The MacWilliams Identity for the Skew Rank Metric

TL;DR

This paper extends the MacWilliams Identity to codes in the skew rank metric, providing a new functional transformation formula and deriving moments of the skew rank distribution for skew-symmetric matrix codes.

Contribution

It develops a $q$-analog MacWilliams Identity for skew-symmetric matrix codes under the skew rank metric, introducing a skew-$q$ algebra and using generalized Krawtchouk polynomials.

Findings

Derived a new functional transformation form of the MacWilliams Identity for skew rank metric.

Established moments of the skew rank distribution for these codes.
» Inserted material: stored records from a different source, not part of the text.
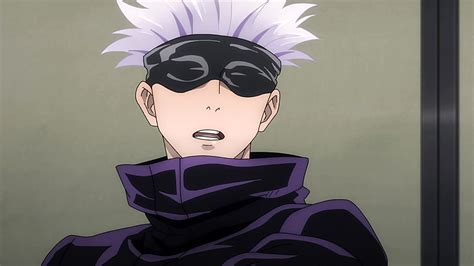 Jujutsu Kaisen Episode 21 Discussion And Gallery Anime Shelter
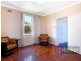 19 Floss Street, Hurlstone Park NSW 2193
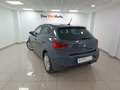 SEAT Ibiza 1.0 TSI S&S Special Edition 115 Gris - thumbnail 2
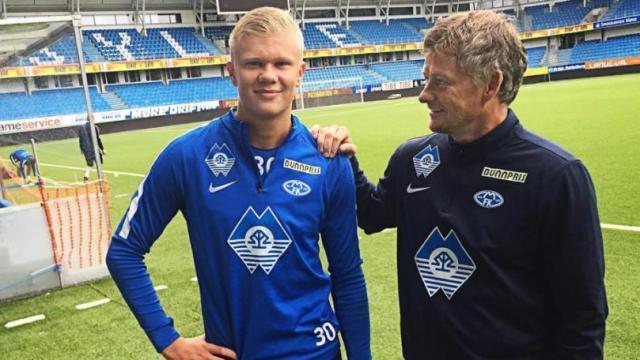 广厦男篮末节逆转战胜北京（广厦男篮末节发力逆转击败北京队）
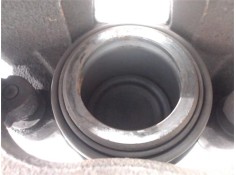 Recambio de pinza freno delantero izquierda para mazda 3 berlina (bk) 1.6 cd active+ xcite referencia OEM IAM BPYK3371XA PDF4709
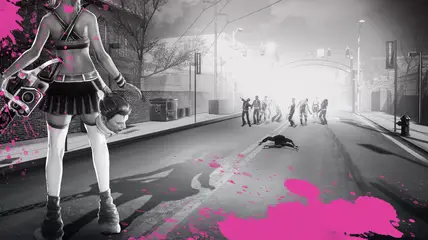 Welcome to Our Store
Introduced a skew-$q$ algebra framework for analyzing skew-symmetric matrix codes.

Abstract

The weight distribution of an error correcting code is a crucial statistic in determining it's performance. One key tool for relating the weight of a code to that of it's dual is the MacWilliams Identity, first developed for the Hamming metric. This identity has two forms: one is a functional transformation of the weight enumerators, while the other is a direct relation of the weight distributions via (generalised) Krawtchouk polynomials. The functional transformation form can in particular be used to derive important moment identities for the weight distribution of codes. In this paper, we focus on codes in the skew rank metric. In these codes, the codewords are skew-symmetric matrices, and the distance between two matrices is the skew rank metric, which is half the rank of their difference. This paper develops a $q$-analog MacWilliams Identity in the form of a functional transformation for codes based on skew-symmetric matrices under their associated skew rank metric. The method introduces a skew-$q$ algebra and uses generalised Krawtchouk polynomials. Based on this new MacWilliams Identity, we then derive several moments of the skew rank distribution for these codes.